One cause of blindness is endothelial dystrophy — a clouding of the cornea caused by excessive amounts of fluid accumulation.

“There is a transparent array of collagen fibrils in the corneal stroma at the front of the eye. Normally that protein acts almost like a sponge, drawing water from the fluid inside the eye,” Parker says.

Accumulation of that fluid in the stroma would disturb the regular array of collagen fibrils and cause them to scatter light. Thus, the stroma would become opaque and loss of vision would result.

“A layer of cells called endothelia at the back of the corneal stroma are constantly pumping water from the stroma to keep it properly hydrated and clear,” Parker says. “In individuals with CHED, and in mice with Slc4a11 mutations, these cells are inactive or absent.”

Slc4a11 is expressed in corneal endothelial cells. These cells express numerous pH-sensitive and acid-base transporting membrane proteins that contribute to the removal of fluid from the stroma.

“We hypothesize that when Slc4a11 senses an alkaline-disturbance in the vicinity of these transporters, it will open in response to the alkalinity and release protons to balance pH and keep the transporters that support fluid movement operational,” Parker says.

Myers says working with Parker has been a tremendous help to him because of the extensive one-on-one training he has received.

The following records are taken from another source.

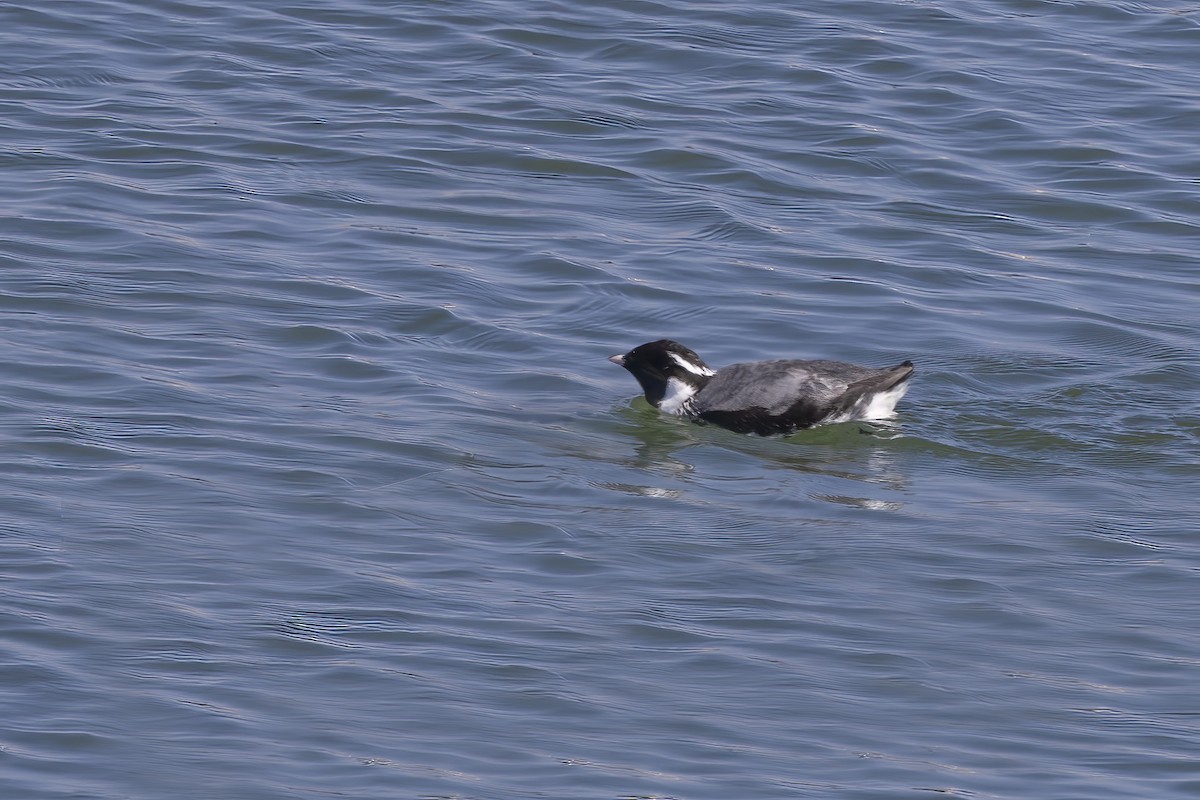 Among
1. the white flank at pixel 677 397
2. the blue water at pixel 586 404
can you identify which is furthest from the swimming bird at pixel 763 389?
the blue water at pixel 586 404

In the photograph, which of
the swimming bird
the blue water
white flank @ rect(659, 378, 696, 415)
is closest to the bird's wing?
the swimming bird

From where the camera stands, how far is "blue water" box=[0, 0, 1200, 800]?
24.9 feet

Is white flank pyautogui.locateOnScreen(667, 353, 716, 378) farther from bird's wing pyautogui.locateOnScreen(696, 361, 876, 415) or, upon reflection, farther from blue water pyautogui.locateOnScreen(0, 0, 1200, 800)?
blue water pyautogui.locateOnScreen(0, 0, 1200, 800)

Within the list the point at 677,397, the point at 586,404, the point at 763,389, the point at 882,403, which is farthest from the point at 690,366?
the point at 882,403

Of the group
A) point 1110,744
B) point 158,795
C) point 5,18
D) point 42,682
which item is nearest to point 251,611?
point 42,682

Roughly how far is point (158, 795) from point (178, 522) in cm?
266

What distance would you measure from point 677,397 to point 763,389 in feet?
1.84

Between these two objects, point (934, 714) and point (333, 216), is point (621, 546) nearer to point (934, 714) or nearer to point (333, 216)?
point (934, 714)

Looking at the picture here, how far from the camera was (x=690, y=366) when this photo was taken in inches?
463

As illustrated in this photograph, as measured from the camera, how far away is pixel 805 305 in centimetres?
1336

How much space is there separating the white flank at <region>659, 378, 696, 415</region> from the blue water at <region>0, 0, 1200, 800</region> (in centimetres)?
14

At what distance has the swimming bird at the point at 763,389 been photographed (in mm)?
11398

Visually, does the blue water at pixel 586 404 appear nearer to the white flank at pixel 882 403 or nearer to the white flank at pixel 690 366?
the white flank at pixel 882 403

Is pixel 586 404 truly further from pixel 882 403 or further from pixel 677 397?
pixel 882 403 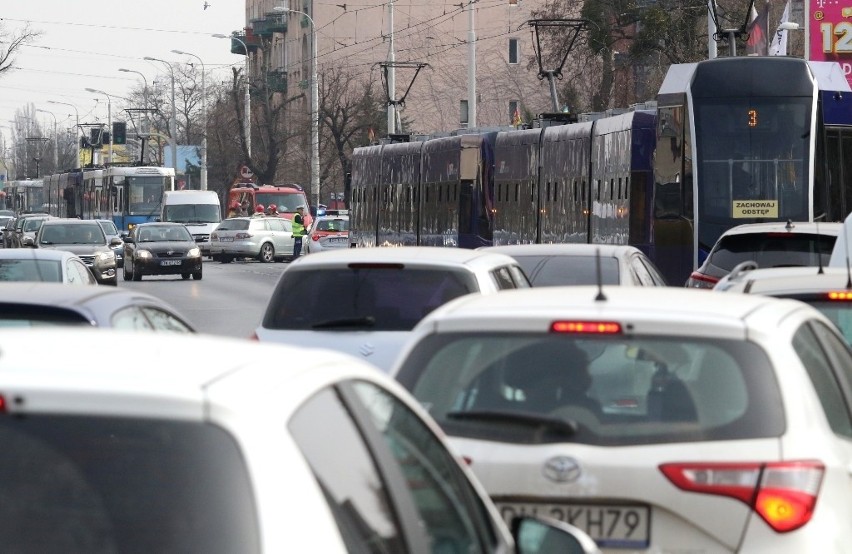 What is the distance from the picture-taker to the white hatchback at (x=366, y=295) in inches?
366

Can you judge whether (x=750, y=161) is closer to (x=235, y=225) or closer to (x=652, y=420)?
(x=652, y=420)

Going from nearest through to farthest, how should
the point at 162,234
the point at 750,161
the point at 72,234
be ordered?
the point at 750,161
the point at 72,234
the point at 162,234

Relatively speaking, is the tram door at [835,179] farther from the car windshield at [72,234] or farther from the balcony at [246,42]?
the balcony at [246,42]

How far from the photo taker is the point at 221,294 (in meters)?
36.9

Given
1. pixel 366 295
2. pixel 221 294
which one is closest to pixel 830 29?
pixel 221 294

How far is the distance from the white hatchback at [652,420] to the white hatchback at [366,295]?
11.8 feet

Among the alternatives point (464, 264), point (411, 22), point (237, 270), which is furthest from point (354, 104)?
point (464, 264)

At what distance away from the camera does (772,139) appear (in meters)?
22.9

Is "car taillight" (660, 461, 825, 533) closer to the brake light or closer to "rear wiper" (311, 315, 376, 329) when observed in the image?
the brake light

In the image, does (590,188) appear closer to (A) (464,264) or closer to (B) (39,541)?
(A) (464,264)

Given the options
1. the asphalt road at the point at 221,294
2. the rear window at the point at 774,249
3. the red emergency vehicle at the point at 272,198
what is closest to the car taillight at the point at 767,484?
the rear window at the point at 774,249

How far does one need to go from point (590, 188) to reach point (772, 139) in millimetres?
7014

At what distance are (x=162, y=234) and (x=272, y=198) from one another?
26.0m

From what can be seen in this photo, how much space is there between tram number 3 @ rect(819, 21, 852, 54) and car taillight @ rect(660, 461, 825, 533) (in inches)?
1602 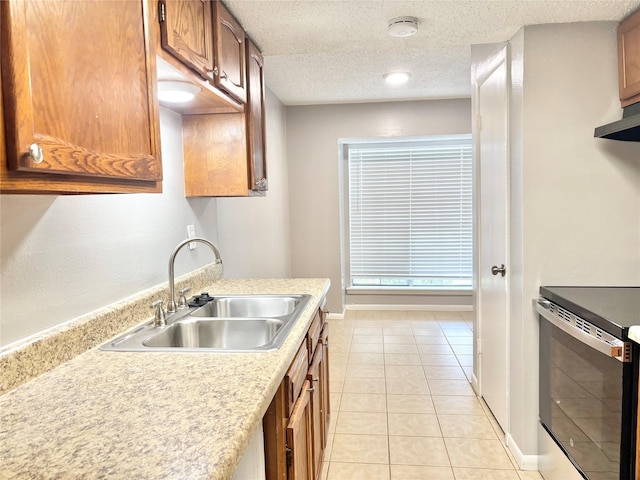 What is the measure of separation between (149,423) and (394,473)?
1.63 m

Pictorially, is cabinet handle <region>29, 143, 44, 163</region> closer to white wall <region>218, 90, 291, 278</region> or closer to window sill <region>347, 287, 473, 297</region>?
white wall <region>218, 90, 291, 278</region>

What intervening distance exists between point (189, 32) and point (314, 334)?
129cm

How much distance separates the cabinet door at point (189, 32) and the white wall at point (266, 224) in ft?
4.01

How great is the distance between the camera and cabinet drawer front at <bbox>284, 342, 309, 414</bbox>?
1.39 metres

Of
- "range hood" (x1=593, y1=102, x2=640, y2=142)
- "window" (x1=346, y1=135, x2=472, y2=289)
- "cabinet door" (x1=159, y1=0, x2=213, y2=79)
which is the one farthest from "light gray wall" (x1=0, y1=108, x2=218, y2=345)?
"window" (x1=346, y1=135, x2=472, y2=289)

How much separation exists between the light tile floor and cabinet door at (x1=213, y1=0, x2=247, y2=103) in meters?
1.88

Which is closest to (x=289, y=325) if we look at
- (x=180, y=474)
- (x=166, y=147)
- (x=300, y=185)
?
Result: (x=180, y=474)

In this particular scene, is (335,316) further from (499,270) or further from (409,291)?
(499,270)

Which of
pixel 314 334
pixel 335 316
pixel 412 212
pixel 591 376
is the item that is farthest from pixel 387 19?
pixel 335 316

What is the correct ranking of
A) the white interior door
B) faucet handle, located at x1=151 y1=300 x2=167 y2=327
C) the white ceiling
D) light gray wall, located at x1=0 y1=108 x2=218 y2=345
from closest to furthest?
light gray wall, located at x1=0 y1=108 x2=218 y2=345 < faucet handle, located at x1=151 y1=300 x2=167 y2=327 < the white ceiling < the white interior door

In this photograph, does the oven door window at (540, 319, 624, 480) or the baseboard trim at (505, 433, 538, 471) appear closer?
the oven door window at (540, 319, 624, 480)

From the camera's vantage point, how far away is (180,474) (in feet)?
2.44

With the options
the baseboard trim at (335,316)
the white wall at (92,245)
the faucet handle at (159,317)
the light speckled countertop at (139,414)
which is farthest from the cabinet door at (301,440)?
the baseboard trim at (335,316)

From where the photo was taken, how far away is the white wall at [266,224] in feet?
9.50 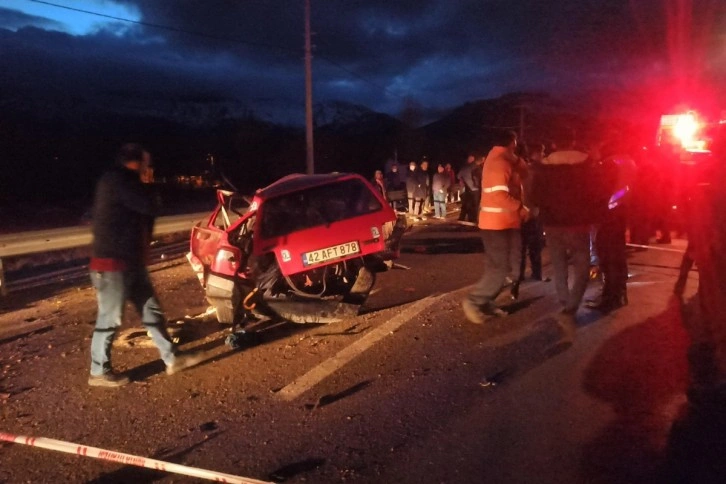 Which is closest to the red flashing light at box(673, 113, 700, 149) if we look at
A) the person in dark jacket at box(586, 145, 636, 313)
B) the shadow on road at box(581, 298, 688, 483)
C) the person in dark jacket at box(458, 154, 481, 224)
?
the person in dark jacket at box(458, 154, 481, 224)

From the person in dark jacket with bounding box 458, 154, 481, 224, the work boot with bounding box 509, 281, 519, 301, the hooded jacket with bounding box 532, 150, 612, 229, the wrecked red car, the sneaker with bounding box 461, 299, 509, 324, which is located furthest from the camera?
the person in dark jacket with bounding box 458, 154, 481, 224

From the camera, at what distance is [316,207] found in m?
6.88

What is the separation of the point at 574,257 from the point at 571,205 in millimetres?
528

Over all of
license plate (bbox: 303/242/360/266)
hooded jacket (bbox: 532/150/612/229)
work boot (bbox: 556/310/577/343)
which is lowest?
work boot (bbox: 556/310/577/343)

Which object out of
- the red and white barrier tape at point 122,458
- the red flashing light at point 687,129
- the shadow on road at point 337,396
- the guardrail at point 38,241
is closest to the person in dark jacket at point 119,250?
the red and white barrier tape at point 122,458

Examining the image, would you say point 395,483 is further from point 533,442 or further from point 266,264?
point 266,264

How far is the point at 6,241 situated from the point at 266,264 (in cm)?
472

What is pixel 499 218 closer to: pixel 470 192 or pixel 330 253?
pixel 330 253

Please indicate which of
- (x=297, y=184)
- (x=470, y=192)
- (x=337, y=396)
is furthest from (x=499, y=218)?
(x=470, y=192)

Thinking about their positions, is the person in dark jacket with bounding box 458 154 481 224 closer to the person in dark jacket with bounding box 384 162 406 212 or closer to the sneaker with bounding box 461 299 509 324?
the person in dark jacket with bounding box 384 162 406 212

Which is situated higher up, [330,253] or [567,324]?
[330,253]

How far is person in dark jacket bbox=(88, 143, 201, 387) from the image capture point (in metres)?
4.88

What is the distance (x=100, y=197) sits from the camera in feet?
16.1

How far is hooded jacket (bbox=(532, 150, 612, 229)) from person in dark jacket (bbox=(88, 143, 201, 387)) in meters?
3.49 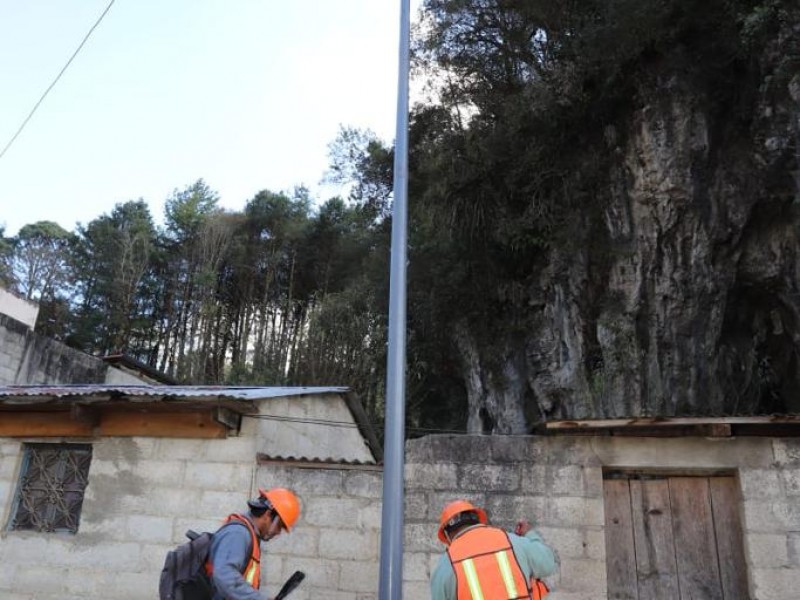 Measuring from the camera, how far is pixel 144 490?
645 centimetres

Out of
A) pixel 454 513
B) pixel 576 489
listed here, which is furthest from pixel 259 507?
pixel 576 489

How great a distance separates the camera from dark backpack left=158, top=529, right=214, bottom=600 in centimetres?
348

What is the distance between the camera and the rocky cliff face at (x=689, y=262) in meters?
13.9

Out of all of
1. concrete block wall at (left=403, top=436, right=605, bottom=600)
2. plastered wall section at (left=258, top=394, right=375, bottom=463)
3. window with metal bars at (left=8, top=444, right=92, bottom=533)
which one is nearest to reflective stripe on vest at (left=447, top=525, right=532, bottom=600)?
concrete block wall at (left=403, top=436, right=605, bottom=600)

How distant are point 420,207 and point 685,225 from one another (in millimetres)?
6376

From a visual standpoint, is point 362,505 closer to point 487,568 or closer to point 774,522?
point 487,568

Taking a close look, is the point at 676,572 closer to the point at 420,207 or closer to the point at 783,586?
the point at 783,586

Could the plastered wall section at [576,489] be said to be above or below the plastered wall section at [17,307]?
below

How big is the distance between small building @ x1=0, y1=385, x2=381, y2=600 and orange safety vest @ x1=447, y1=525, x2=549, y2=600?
108 inches

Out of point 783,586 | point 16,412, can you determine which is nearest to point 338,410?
point 16,412

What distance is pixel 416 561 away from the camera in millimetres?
5449

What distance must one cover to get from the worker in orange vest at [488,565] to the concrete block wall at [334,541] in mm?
2501

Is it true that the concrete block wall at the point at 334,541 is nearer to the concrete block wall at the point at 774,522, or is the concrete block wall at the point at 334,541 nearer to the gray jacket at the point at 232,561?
the gray jacket at the point at 232,561

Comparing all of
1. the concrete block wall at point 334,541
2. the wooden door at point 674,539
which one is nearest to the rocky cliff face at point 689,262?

“We usually meet at the end of each week to discuss new data, future data and scientific papers relevant to our work,” he says. “I think it is this routine of hands-on science early in the week followed by lengthy discussions at the end that has helped me grow.”

Parker says Myers has demonstrated exceptional academic ability throughout his undergraduate and graduate training and continues to excel as a researcher in the fields of cellular and molecular physiology.

“Evan has demonstrated a passionate interest in the molecular mechanisms of homeostasis and an impressive technical ability that has enabled him to gather high quality data from day one,” he says.

Parker says the size of his lab at UB is a significant benefit to graduate students such as Myers.

“We have several talented undergraduate students in the lab, but Evan is the main focus,” he says.

To be considered for the award, Myers had to submit a poster abstract along with his curriculum vitae and a letter of recommendation four months before the EB2016 meeting.

He then received notice about a month prior to the conference that he had been selected as a finalist and was invited to present at a special poster session with 11 other finalists.

“I prepared myself by practicing with faculty and students around the lab,” he says. “Their input really helped me when it came time to present at the conference.”

The award is named in honor of Robert Gunn, MD, professor and former chair of the Physiology Department at Emory University Medical School, who died in 2005.

Parker notes that his lab’s current studies were influenced by Gunn’s pioneering work in studying anion and proton transport by the founding member of the Slc4 family, Slc4a1, in red blood cells.

Slc4a11 was the last of the family to be discovered, and in fact, Parker was part of the team of researchers that discovered it in 2001 in the laboratory of Michael Tanner, PhD, at the University of Bristol in England.

“Robert Gunn was working on the very first one to be discovered, and we are working on the very last one,” he says.

Parker is senior author on the study. Lab manager Aniko Marshall is also an author.